** Data for this task follows **
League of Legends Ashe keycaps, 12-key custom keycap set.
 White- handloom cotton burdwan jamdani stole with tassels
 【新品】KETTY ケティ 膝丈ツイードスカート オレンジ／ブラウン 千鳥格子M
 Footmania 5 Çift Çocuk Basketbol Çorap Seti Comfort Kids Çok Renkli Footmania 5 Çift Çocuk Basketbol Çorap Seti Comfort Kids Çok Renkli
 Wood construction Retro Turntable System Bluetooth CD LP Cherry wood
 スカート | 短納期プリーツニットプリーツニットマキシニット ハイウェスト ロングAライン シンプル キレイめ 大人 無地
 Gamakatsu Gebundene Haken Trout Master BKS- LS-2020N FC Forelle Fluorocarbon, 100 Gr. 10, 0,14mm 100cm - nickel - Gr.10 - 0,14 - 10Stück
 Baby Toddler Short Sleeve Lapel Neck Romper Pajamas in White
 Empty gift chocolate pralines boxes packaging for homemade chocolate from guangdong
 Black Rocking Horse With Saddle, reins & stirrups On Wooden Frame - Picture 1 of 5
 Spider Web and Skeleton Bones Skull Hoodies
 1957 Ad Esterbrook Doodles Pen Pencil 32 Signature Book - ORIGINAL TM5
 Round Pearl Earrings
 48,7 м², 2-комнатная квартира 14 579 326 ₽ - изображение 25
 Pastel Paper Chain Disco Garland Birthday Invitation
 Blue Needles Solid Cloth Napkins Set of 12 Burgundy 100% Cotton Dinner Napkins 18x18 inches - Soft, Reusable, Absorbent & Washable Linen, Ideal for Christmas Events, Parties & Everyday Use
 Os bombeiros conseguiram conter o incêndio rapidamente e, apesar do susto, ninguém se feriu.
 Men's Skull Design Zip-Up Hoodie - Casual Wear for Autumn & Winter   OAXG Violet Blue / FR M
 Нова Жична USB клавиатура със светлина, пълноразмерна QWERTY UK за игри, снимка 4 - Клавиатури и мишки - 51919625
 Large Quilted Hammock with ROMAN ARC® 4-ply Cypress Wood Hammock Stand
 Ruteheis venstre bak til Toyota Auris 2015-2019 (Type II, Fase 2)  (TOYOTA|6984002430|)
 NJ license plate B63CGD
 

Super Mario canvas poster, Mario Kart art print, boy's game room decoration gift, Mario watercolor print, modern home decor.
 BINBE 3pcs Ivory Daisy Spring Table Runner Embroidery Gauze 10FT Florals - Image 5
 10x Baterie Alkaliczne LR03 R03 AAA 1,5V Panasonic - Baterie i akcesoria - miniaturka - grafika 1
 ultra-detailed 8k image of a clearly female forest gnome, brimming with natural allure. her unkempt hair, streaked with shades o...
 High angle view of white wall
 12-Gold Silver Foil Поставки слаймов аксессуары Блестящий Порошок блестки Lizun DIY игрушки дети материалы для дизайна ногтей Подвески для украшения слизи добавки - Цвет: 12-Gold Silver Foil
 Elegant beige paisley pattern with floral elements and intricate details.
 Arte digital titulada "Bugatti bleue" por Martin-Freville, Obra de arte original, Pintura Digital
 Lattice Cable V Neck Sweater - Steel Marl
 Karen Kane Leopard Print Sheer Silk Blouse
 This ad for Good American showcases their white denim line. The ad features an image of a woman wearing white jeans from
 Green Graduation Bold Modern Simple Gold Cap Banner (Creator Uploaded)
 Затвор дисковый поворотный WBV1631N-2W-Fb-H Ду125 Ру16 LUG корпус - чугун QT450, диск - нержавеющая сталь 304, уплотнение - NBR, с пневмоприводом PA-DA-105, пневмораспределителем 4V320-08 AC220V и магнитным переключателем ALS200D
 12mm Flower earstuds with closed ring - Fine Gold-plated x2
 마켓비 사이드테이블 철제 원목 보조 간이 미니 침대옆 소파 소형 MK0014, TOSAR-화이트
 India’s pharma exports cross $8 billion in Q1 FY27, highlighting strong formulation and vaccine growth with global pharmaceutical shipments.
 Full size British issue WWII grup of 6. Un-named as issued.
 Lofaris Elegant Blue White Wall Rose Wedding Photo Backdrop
** End of Data for this task **
Exercise:
Search the entries for the word "gift" and copy every line that holds it.

Reply:
 Empty gift chocolate pralines boxes packaging for homemade chocolate from guangdong
Super Mario canvas poster, Mario Kart art print, boy's game room decoration gift, Mario watercolor print, modern home decor.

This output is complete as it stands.